= Rickey Vincent =

American historian

Rickey Vincent is an American author, historian, and radio host. He is based in the San Francisco Bay Area. Vincent is the author of Funk: The Music, the People and the Rhythm of The One (St. Martin's Press, 1996), which encompasses the history of funk music, and won the ASCAP Foundation Deems Taylor Award for Music Writing in 1997. He also authored another book titled: PARTY MUSIC: The Inside Story of the Black Panthers Band and How Black Power Transformed Soul Music (Lawrence Hill Books, 2013), which details the role the Civil Rights Movement had on transforming Soul Music into something more than music.

Vincent grew up in Berkeley, California, and saw funk and soul bands play in the Oakland Coliseum in the 1970s. He obtained a Master of Arts in Ethnic Studies at San Francisco State University in 1987 and a Ph.D. in Ethnic Studies at UC Berkeley in 2008. He is a lecturer at Berkeley, City College of San Francisco, San Francisco State University and California College of the Arts in Oakland.
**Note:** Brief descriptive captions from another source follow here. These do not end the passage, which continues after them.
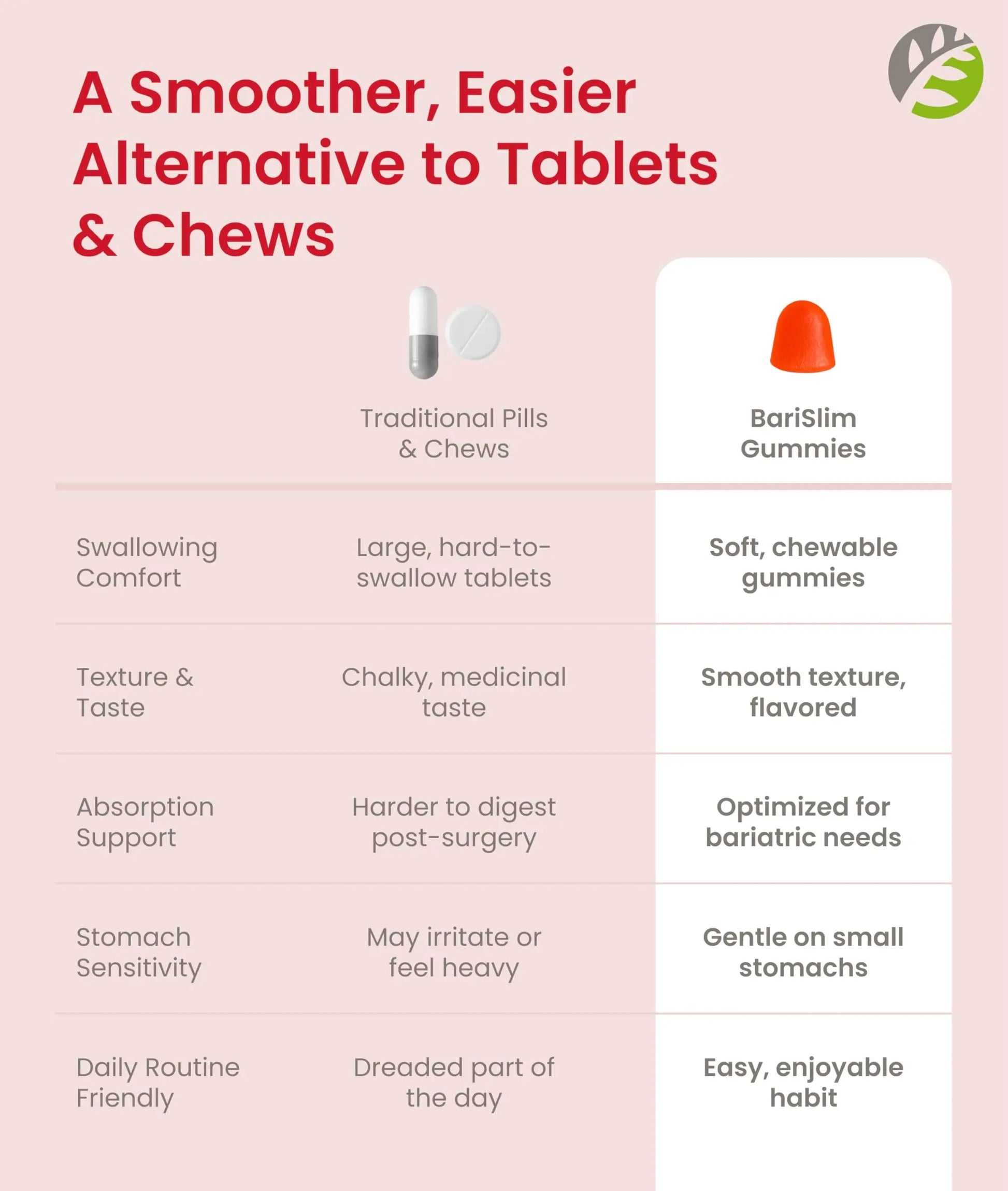 BariSlim Bariatric Multivitamin Gummies - Specially Formulated Gummy Vitamin for Patients After Weight Loss Surgery BariSlimAu supplements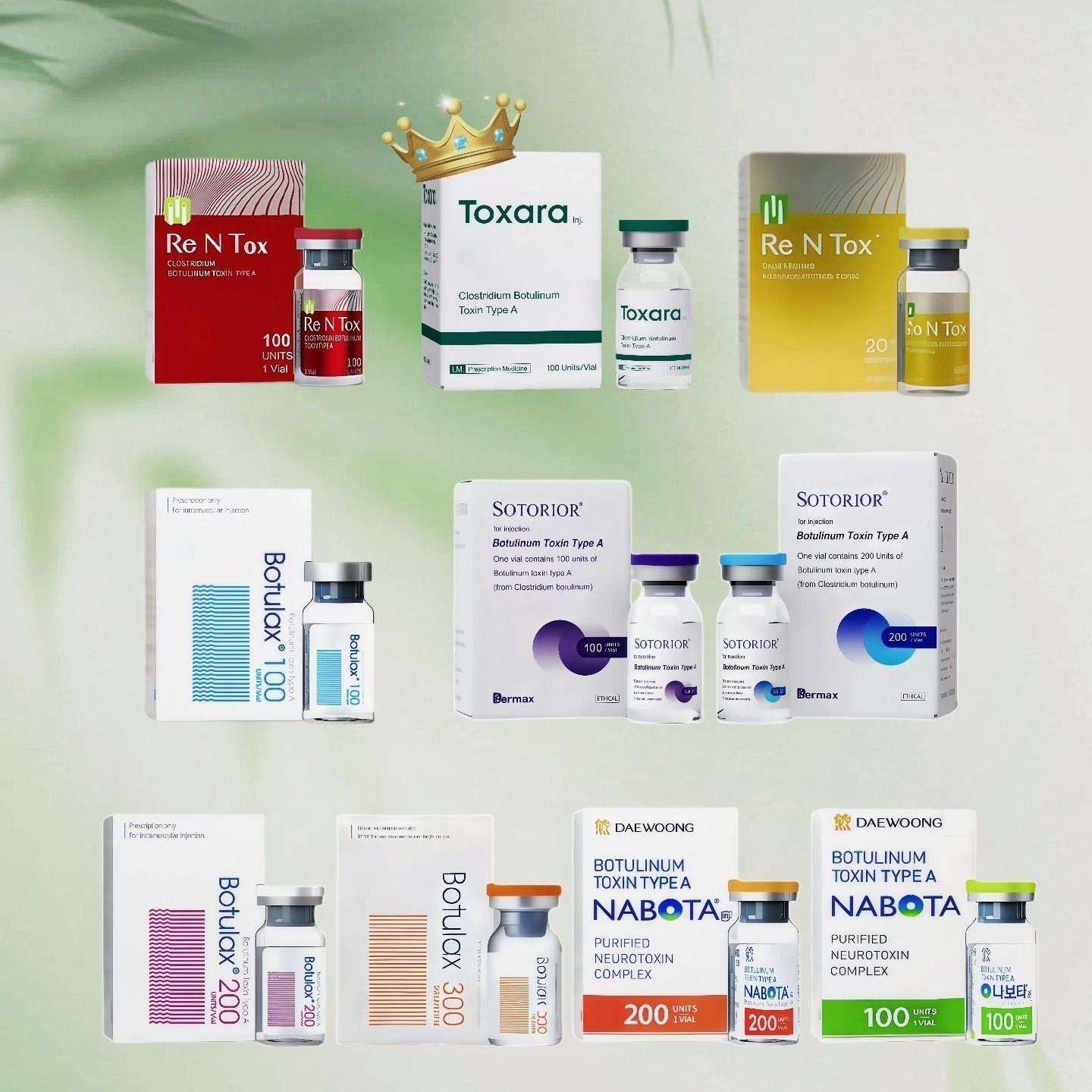 botulinum toxin treatment 100u 200u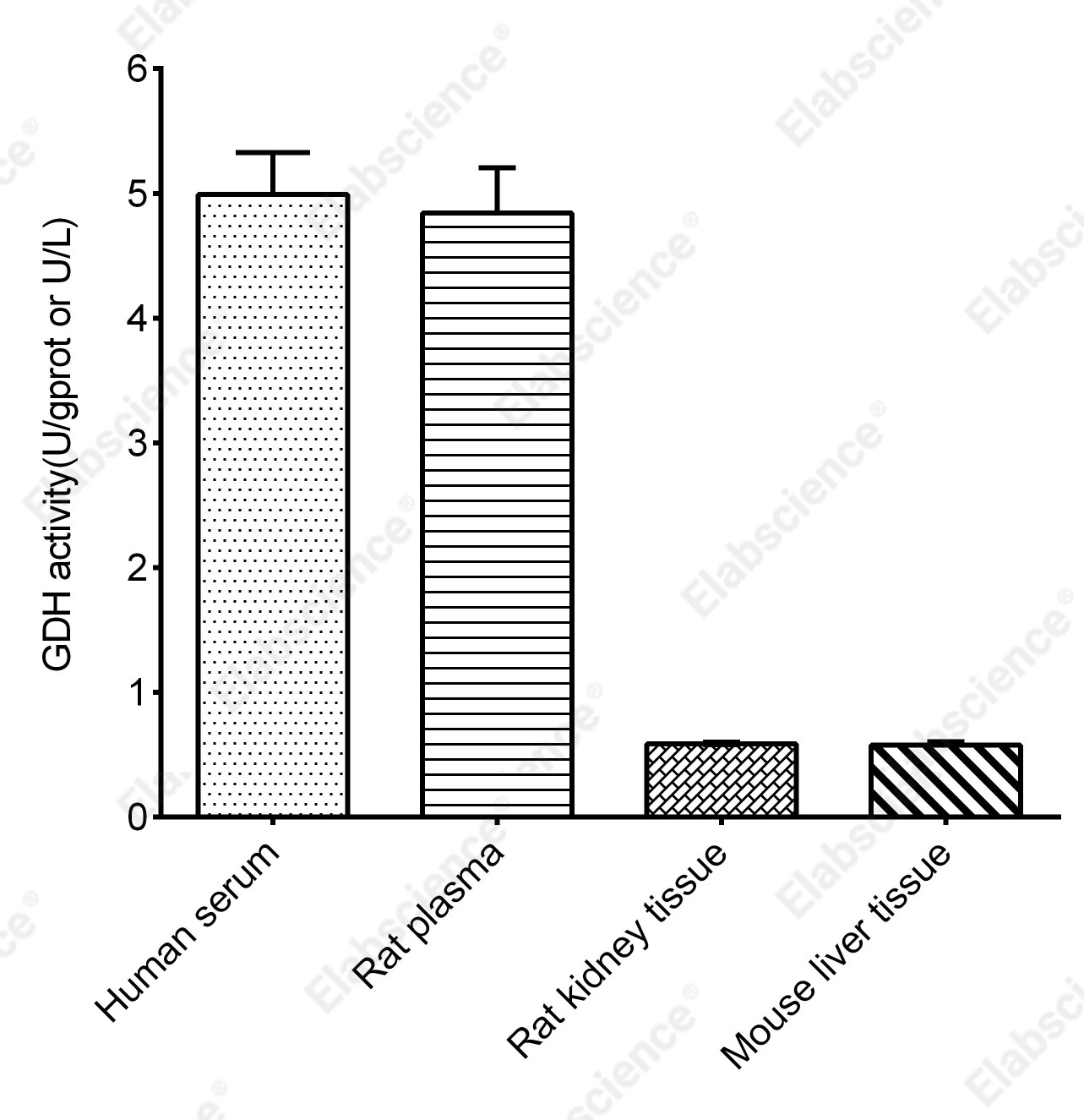 Glutamate Dehydrogenase (GDH) Activity Assay Kit - 2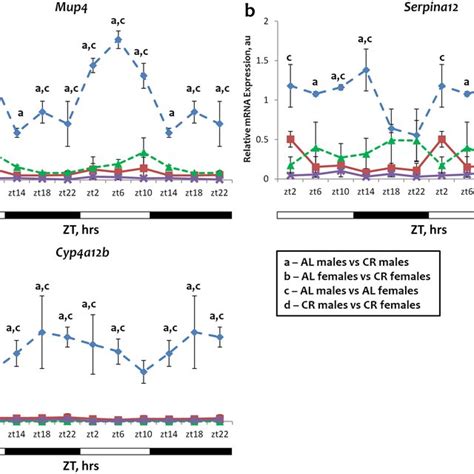 sucrose alters phytochrome interacting factor pif gene expression in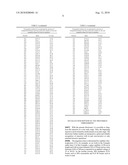 Polypeptide Markers for the Early Recognition of the Rejection of Transplanted Kidneys diagram and image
Vincent has hosted the KPFA radio program "The History of Funk" since 1997. In 2001, HUSH concerts founded the San Francisco Funk Festival based upon Vincent's academic work to place the musical genre in a societal and artistic context.

Vincent has appeared on television documentaries involving black music and culture, including multiple episodes of Unsung. In 2013, Vincent released his second book, Party Music: The Inside Story of the Black Panthers Band and How Black Power Transformed Soul Music (Chicago Review Press 2013).